The financial account records transactions associated with changes of ownership of a country's foreign assets and liabilities. The financial account is divided into four main sub-accounts: direct investment, portfolio investment, other investment and reserve assets, each showing inflows of money (credits) and outflows of money from a country (debits).
(i) Direct investment is productive investment. It is investment in plant, equipment, machinery or factories, i.e. investment that will help with the process of wealth creation.
(ii) Portfolio investment, on the other hand, is investment in paper assets like shares and government bonds. The only purpose of portfolio investment is financial gain, so they do not involve foreigners' participation in the management of the domestic firms. There may be both inflows and outflows of portfolio investment.

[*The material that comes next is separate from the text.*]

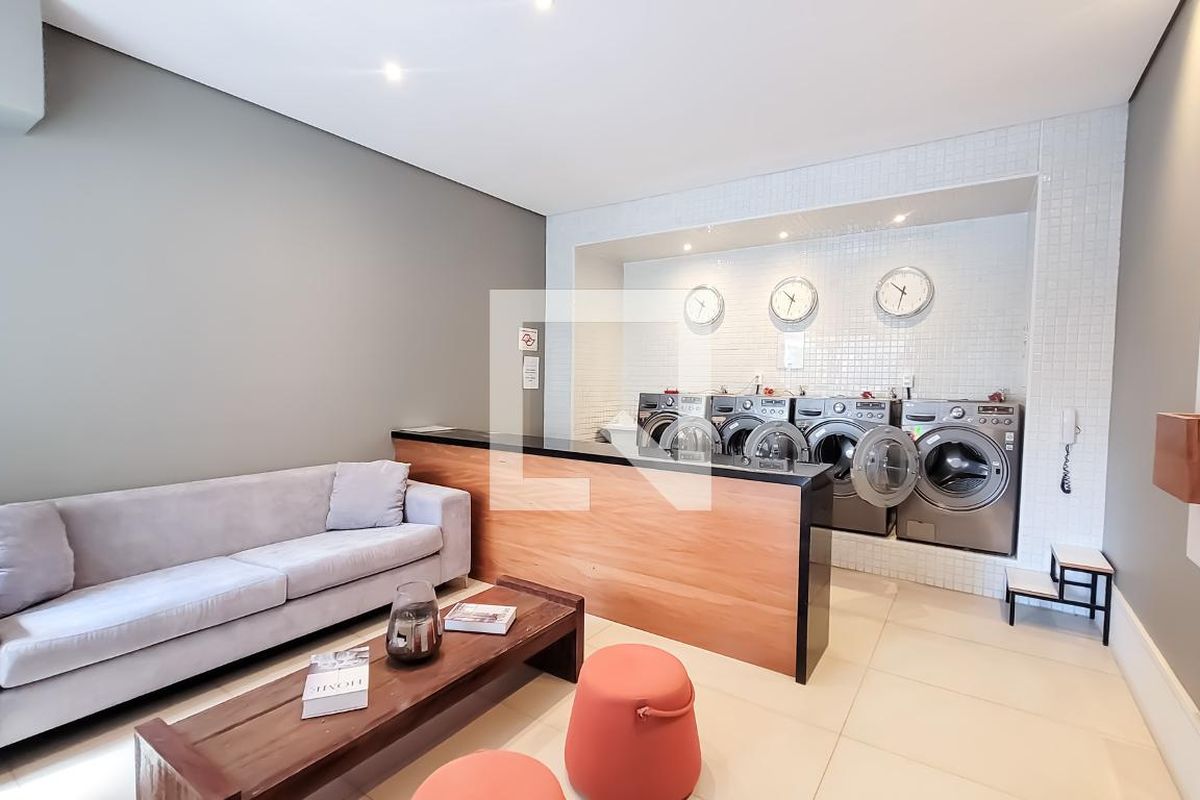 Apartamento à Venda - Centro, 1 Quarto,  39 m2 em , Campinas - sp | SoloBR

(iii) Other financial flows - this heading can cover a range of short-term monetary flows like bank deposits from overseas residents, loans into a country from abroad and so on.
(iv) Flows to, and from, reserves - all countries hold reserves of foreign currency and this section measures any changes in these reserves. If the government influences the exchange rate, e.g. wants to appreciate the rate, then they may sell some of their foreign currency reserves and buy their own currency instead.
A deficit or surplus on the current account is offset with an equal and opposite surplus or deficit on the capital and financial account. In practice, however, as data for the current account and financial account come from different data sources, a balancing item called net errors and omissions is included in the balance of payments account. This ensures that there will be an exact balance in the overall balance of payments.